Coursera Data Science Capstone Project

Nikhil Prakash
May-19

  • This Application uses NLP(Natural Language Processing)for predicting next word.
  • The Capstone is a cooperation between Coursera and SwiftKey company.

Introduction:

The goal of this project is to create an application that predicts the next word in a phrase/sentence. Here we demonstrate the ability to process and analyze large volumes of unstructured text.Use text mining technique of cleaning, sampling, tokenization. And, As a final deliverable, we develop an algorithm that predicts the next word in a provided text, similar to the predictive text functions found on today's modern smart phones.

Below are the list of topic we will be discussing on the following slide:

  • Overview
  • Architecture: PredictNextWord
  • Application User Interface
  • Future possibilities & Conclusion

Overview

  • The data came from HC Corpora with three files (Blogs, News and Twitter). It was provided by the Swiftkey.

  • Major task involve in this project were:
    – Obtain the data, Understands the problem and then clean the data accordingly.
    – Perform Exploratory analysis.
    – Tokenization of words and apply predictive algorithm.
    – Create a interactive application using shiny.

  • NLP (N-Gram dictionary)
    – For initial exploration, data analyst need to construct a dictionary of unigram, bigrams, trigrams, and four-grams, collectively called n-grams.
    – Unigram are one word phrases, Bigrams are two word phrases, trigrams are three word phrases, and four-grams are four word phrases.

Architecture: PredictNextWord

The application uses text documents collected from blogs, news articles, and twitter to statistically model language patterns. N-Grams were used to predict the next word.

The 'PredictNextWord' Shiny app is a basic application to present the working of prediction model. It works only for English language.

  • The user entered the word,text or sentence in the input box and press space bar to get the next most probability word to be used.
  • Next word is predicted by the model will be displayed in the right side of the application along with the type of the N-gram (Bigram, Trigram, Quadgram) used in the search.
  • N-gram type is obtained from the n-grams matrices, comparing it with tokenized frequency of 2, 3 and 4 grams sequences.
  • While entering the text, the field with the predicted next word refreshes instantaneously, and then the predicted word is provided for the user's choice.

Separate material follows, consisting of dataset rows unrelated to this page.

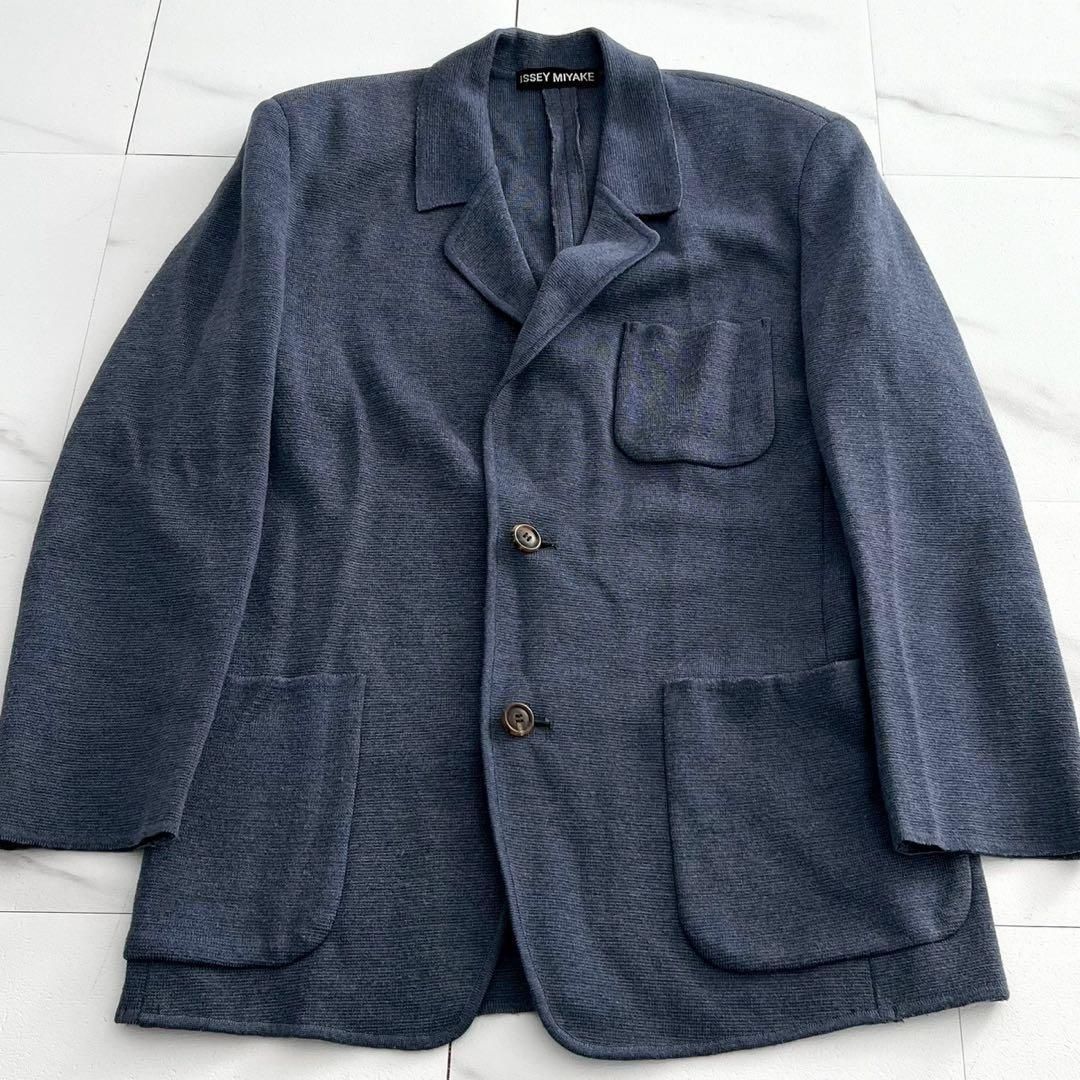 極美品 ISSEY MIYAKE MEN イッセイミヤケメン 1993AW 1993年秋冬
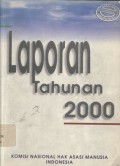 Laporan tahunan 2000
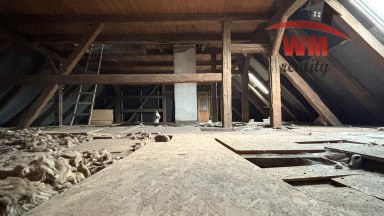 Prodej rodinného domu v Bochově vhodný i na investici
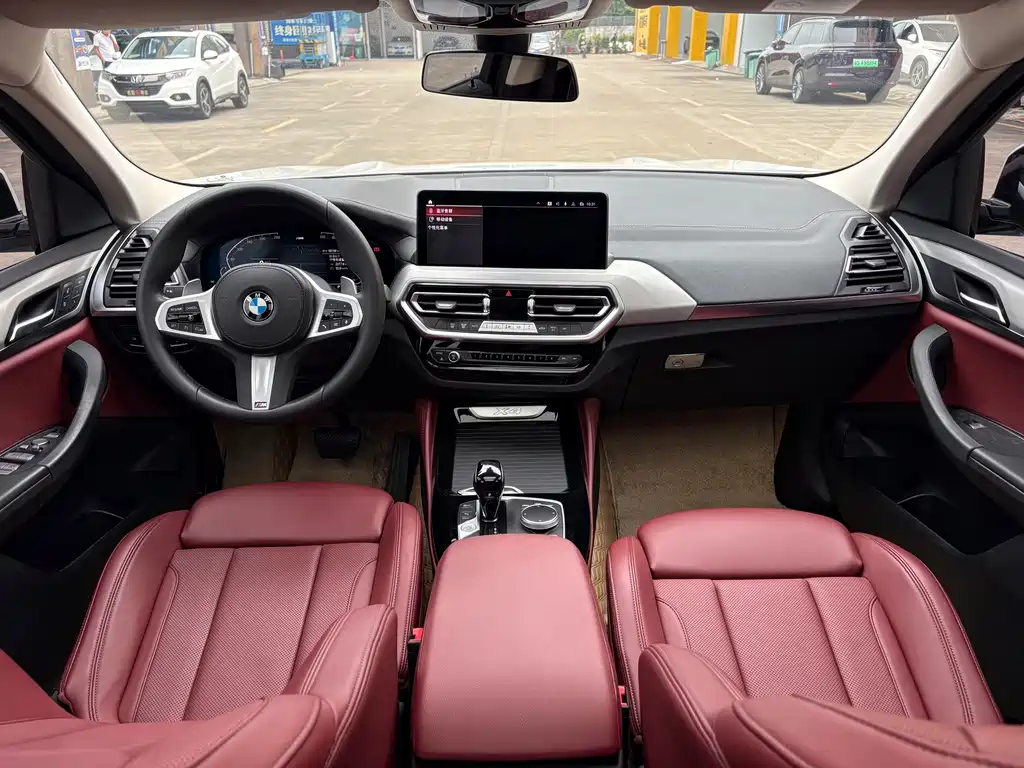 BMW X4 — фото 10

Application User Interface

Future Possibilities & Conclusion

  • Areas of improvement:
    – UI design of the app.
    – Input data validation.
    – Increase sample size for more relevant predictions. – Feedback loop to model to learn from the earlier prediction.

  • Conclusion:
    – This project involve lot of research in data pre-processing, text modeling, NLP.
    – All the skills gain throughout entire lifecycle of this specialization were used in this project.
    – Entire specialization was very fun to learn and required ton of research which definitely increase my level of knowledge.